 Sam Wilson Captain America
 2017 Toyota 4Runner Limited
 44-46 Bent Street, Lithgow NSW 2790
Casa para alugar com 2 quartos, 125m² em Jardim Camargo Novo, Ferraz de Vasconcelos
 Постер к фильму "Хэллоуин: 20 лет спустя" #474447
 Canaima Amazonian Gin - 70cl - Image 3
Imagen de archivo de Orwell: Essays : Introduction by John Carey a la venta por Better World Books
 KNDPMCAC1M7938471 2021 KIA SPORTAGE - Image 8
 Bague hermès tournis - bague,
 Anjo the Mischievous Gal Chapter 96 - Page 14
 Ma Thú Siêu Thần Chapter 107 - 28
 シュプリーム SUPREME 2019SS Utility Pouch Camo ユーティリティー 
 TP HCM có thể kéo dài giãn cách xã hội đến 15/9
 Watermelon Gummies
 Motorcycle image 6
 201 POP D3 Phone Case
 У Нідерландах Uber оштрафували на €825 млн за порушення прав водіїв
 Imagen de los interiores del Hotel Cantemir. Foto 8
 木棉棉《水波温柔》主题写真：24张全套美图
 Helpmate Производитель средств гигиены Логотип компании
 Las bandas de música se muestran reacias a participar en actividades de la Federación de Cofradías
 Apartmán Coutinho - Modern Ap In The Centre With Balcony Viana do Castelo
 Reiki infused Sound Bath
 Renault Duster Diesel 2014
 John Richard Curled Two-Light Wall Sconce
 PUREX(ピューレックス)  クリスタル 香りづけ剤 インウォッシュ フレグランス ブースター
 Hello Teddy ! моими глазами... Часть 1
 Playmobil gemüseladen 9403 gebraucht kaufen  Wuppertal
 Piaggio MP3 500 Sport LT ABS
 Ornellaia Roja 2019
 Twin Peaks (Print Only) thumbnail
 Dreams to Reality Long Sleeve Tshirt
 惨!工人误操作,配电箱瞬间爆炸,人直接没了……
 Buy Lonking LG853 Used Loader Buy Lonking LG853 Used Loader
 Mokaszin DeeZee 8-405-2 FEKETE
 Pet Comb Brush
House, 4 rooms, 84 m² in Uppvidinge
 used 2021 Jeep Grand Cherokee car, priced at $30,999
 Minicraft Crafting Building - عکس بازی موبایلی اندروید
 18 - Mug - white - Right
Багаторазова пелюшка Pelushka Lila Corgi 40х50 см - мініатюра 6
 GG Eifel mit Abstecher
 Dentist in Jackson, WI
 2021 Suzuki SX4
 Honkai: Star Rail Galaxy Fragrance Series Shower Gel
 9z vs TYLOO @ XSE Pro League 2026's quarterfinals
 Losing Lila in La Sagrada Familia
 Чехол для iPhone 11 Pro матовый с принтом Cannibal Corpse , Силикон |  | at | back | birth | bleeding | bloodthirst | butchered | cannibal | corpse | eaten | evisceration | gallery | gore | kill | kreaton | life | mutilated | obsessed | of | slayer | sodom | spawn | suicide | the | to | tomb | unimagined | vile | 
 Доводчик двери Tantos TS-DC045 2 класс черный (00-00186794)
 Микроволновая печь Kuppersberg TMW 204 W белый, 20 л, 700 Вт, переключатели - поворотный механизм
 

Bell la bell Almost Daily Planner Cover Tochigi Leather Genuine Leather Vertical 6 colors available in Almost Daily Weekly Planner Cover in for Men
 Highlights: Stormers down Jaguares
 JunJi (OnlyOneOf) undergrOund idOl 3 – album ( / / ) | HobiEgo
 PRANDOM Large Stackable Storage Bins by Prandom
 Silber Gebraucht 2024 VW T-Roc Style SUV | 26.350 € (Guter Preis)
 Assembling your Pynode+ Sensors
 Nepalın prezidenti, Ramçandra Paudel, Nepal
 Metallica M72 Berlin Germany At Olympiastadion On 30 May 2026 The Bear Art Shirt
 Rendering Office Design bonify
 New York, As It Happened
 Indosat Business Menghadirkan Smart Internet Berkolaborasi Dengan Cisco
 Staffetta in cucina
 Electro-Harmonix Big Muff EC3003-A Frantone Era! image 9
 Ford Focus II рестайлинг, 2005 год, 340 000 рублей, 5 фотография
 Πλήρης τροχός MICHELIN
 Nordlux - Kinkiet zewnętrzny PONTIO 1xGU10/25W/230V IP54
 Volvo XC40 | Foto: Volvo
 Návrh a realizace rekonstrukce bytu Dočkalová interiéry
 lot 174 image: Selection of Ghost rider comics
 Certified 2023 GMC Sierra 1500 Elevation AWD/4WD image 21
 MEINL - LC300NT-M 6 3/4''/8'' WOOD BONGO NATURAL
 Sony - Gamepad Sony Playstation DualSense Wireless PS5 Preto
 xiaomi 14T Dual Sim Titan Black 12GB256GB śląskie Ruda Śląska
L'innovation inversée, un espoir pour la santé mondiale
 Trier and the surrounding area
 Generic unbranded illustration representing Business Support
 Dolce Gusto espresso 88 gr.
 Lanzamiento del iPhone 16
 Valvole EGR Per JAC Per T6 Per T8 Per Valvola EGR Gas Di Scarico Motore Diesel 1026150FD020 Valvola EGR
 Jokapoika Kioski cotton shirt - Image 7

──────

**Task instructions:**
Print the whole listing exactly as it is.

**Reply:**
 Sam Wilson Captain America
 2017 Toyota 4Runner Limited
 44-46 Bent Street, Lithgow NSW 2790
Casa para alugar com 2 quartos, 125m² em Jardim Camargo Novo, Ferraz de Vasconcelos
 Постер к фильму "Хэллоуин: 20 лет спустя" #474447
 Canaima Amazonian Gin - 70cl - Image 3
Imagen de archivo de Orwell: Essays : Introduction by John Carey a la venta por Better World Books
 KNDPMCAC1M7938471 2021 KIA SPORTAGE - Image 8
 Bague hermès tournis - bague,
 Anjo the Mischievous Gal Chapter 96 - Page 14
 Ma Thú Siêu Thần Chapter 107 - 28
 シュプリーム SUPREME 2019SS Utility Pouch Camo ユーティリティー 
 TP HCM có thể kéo dài giãn cách xã hội đến 15/9
 Watermelon Gummies
 Motorcycle image 6
 201 POP D3 Phone Case
 У Нідерландах Uber оштрафували на €825 млн за порушення прав водіїв
 Imagen de los interiores del Hotel Cantemir. Foto 8
 木棉棉《水波温柔》主题写真：24张全套美图
 Helpmate Производитель средств гигиены Логотип компании
 Las bandas de música se muestran reacias a participar en actividades de la Federación de Cofradías
 Apartmán Coutinho - Modern Ap In The Centre With Balcony Viana do Castelo
 Reiki infused Sound Bath
 Renault Duster Diesel 2014
 John Richard Curled Two-Light Wall Sconce
 PUREX(ピューレックス)  クリスタル 香りづけ剤 インウォッシュ フレグランス ブースター
 Hello Teddy ! моими глазами... Часть 1
 Playmobil gemüseladen 9403 gebraucht kaufen  Wuppertal
 Piaggio MP3 500 Sport LT ABS
 Ornellaia Roja 2019
 Twin Peaks (Print Only) thumbnail
 Dreams to Reality Long Sleeve Tshirt
 惨!工人误操作,配电箱瞬间爆炸,人直接没了……
 Buy Lonking LG853 Used Loader Buy Lonking LG853 Used Loader
 Mokaszin DeeZee 8-405-2 FEKETE
 Pet Comb Brush
House, 4 rooms, 84 m² in Uppvidinge
 used 2021 Jeep Grand Cherokee car, priced at $30,999
 Minicraft Crafting Building - عکس بازی موبایلی اندروید
 18 - Mug - white - Right
Багаторазова пелюшка Pelushka Lila Corgi 40х50 см - мініатюра 6
 GG Eifel mit Abstecher
 Dentist in Jackson, WI
 2021 Suzuki SX4
 Honkai: Star Rail Galaxy Fragrance Series Shower Gel
 9z vs TYLOO @ XSE Pro League 2026's quarterfinals
 Losing Lila in La Sagrada Familia
 Чехол для iPhone 11 Pro матовый с принтом Cannibal Corpse , Силикон |  | at | back | birth | bleeding | bloodthirst | butchered | cannibal | corpse | eaten | evisceration | gallery | gore | kill | kreaton | life | mutilated | obsessed | of | slayer | sodom | spawn | suicide | the | to | tomb | unimagined | vile | 
 Доводчик двери Tantos TS-DC045 2 класс черный (00-00186794)
 Микроволновая печь Kuppersberg TMW 204 W белый, 20 л, 700 Вт, переключатели - поворотный механизм
 

Bell la bell Almost Daily Planner Cover Tochigi Leather Genuine Leather Vertical 6 colors available in Almost Daily Weekly Planner Cover in for Men
 Highlights: Stormers down Jaguares
 JunJi (OnlyOneOf) undergrOund idOl 3 – album ( / / ) | HobiEgo
 PRANDOM Large Stackable Storage Bins by Prandom
 Silber Gebraucht 2024 VW T-Roc Style SUV | 26.350 € (Guter Preis)
 Assembling your Pynode+ Sensors
 Nepalın prezidenti, Ramçandra Paudel, Nepal
 Metallica M72 Berlin Germany At Olympiastadion On 30 May 2026 The Bear Art Shirt
 Rendering Office Design bonify
 New York, As It Happened
 Indosat Business Menghadirkan Smart Internet Berkolaborasi Dengan Cisco
 Staffetta in cucina
 Electro-Harmonix Big Muff EC3003-A Frantone Era! image 9
 Ford Focus II рестайлинг, 2005 год, 340 000 рублей, 5 фотография
 Πλήρης τροχός MICHELIN
 Nordlux - Kinkiet zewnętrzny PONTIO 1xGU10/25W/230V IP54
 Volvo XC40 | Foto: Volvo
 Návrh a realizace rekonstrukce bytu Dočkalová interiéry
 lot 174 image: Selection of Ghost rider comics
 Certified 2023 GMC Sierra 1500 Elevation AWD/4WD image 21
 MEINL - LC300NT-M 6 3/4''/8'' WOOD BONGO NATURAL
 Sony - Gamepad Sony Playstation DualSense Wireless PS5 Preto
 xiaomi 14T Dual Sim Titan Black 12GB256GB śląskie Ruda Śląska
L'innovation inversée, un espoir pour la santé mondiale
 Trier and the surrounding area
 Generic unbranded illustration representing Business Support
 Dolce Gusto espresso 88 gr.
 Lanzamiento del iPhone 16
 Valvole EGR Per JAC Per T6 Per T8 Per Valvola EGR Gas Di Scarico Motore Diesel 1026150FD020 Valvola EGR
 Jokapoika Kioski cotton shirt - Image 7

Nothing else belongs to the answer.